北陸地域(富山県、石川県、福井県)の有効求人倍率は、2.0倍(2018年平均)と全国で最も高い。職業別では、「サービス職」「販売職」「専門・技術職」「生産工程職」の順に人手不足感が強く、企業はさまざまな対応を迫られている。

特に、労働生産性と「専門・技術職」の割合には相関関係がみられることから、単に人手不足を補うという発想ではなく、生産性向上のために新たな価値を生み出す「専門・技術職」の育成・獲得にも意識的に取り組むことが必要である。

(2)北陸地域における労働力人口の動向

北陸地域の労働力人口は、2015年から2045年までに約39万人減少する(DBJ試算)。

また、北陸地域の労働余力(就職希望の無業者の潜在的労働力人口に占める割合)は、全国に比べて低く、当地ではすでに労働参加が進んでいるとみられる。

人口減少に加えて、労働供給の余力も少ない中で、今後は限られた人手で生産性を上げていく体制づくりがますます求められよう。

(3)北陸地域の働き手の特色

北陸地域は、女性・シニア・高卒生・外国人等の労働参加が進んでおり、多様な働き手を有していると言える。特に、全国に比べて女性とシニアの労働力率が高い。

しかし、いずれも職業は「生産工程職」に偏りがちである。「専門・技術職」の人手不足感が強い現状や、今後の生産性向上への寄与という点を踏まえると、単純作業をなるべく減らすことで、より創造性の高い業務へ登用させる等、職業の幅を拡げる視点も大切になってきている。

(4)地域における取り組み(事例紹介)

地域企業による人材確保と生産性向上への取り組みをヒアリングしたところ、生産性向上の仕組みをつくる、専門スキルを有するといった「新たな価値を生み出す人材」が共通して不足している状況下、以下のような取り組みのポイントがうかがえた。

(主なポイント)
  • 「人材の新規獲得・流出防止」:働きやすい環境整備、きめ細かい評価制度の整備等により、働き手のモチベーション向上を図る
  • 「人材の育成・登用」:スキル人材やクリエイティブ人材の育成、多能工の体制づくり等の取り組みを通じて、UIJターンや新卒の採用活動にも繋がることが期待される
  • 「効果的な省力化投資」:働きやすさや負担軽減の投資効果を人材確保に活かす、効率化の取り組みを働き手の評価やスキル向上目標に位置付けることで人材育成に活かす
(5)「新たな価値を生みだす人材」の育成による生産性向上に向けて

労働力人口が減少する中で、女性をはじめ多様な働き手を有していることは当地の潜在的な強みである。不足する人手の確保にとどまらず、自社の既存の働き手も含めて「新たな価値を生み出す人材」の育成に向けた企業努力が、生産性向上、ひいては企業の成長に繋がるであろう。

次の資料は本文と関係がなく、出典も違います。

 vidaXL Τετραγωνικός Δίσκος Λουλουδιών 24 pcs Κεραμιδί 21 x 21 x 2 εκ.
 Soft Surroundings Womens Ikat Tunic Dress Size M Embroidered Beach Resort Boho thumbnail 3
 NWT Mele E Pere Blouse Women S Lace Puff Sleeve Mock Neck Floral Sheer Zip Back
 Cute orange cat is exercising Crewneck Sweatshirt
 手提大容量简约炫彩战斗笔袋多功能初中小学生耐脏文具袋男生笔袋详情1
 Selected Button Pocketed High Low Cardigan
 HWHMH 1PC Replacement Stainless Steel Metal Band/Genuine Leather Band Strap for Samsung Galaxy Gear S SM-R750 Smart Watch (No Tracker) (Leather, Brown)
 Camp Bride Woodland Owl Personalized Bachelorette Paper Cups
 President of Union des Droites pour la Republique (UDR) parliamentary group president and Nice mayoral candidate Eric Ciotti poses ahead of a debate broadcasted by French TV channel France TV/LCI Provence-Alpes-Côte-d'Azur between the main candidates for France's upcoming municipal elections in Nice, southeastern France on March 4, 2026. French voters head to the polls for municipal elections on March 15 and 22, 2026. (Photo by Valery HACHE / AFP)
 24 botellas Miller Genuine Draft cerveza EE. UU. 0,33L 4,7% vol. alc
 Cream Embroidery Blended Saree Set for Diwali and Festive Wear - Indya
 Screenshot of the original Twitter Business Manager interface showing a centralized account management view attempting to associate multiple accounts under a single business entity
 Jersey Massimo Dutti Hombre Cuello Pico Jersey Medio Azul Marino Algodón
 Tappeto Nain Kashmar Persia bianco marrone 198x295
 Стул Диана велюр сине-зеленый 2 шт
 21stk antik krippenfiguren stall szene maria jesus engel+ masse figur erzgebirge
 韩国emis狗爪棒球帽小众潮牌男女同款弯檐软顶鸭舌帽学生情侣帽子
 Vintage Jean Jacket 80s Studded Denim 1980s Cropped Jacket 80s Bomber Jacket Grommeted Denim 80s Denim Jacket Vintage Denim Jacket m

1.本稿で示された意見等は筆者のものであり、DBJの公式見解ではありません。

2.本稿で使用したデータは、DBJの地域別設備投資計画調査によるものです。詳細はDBJのホームページ(https://www.dbj.jp/investigate/equip/regional/detail.html)をご参照ください。

3.DBJは、上記調査と同時に、資本金10億円以上の民間企業を対象とした全国設備投資計画調査も行っています。詳細はDBJのホームページ(https://www.dbj.jp/investigate/equip/national/detail.html)をご参照ください。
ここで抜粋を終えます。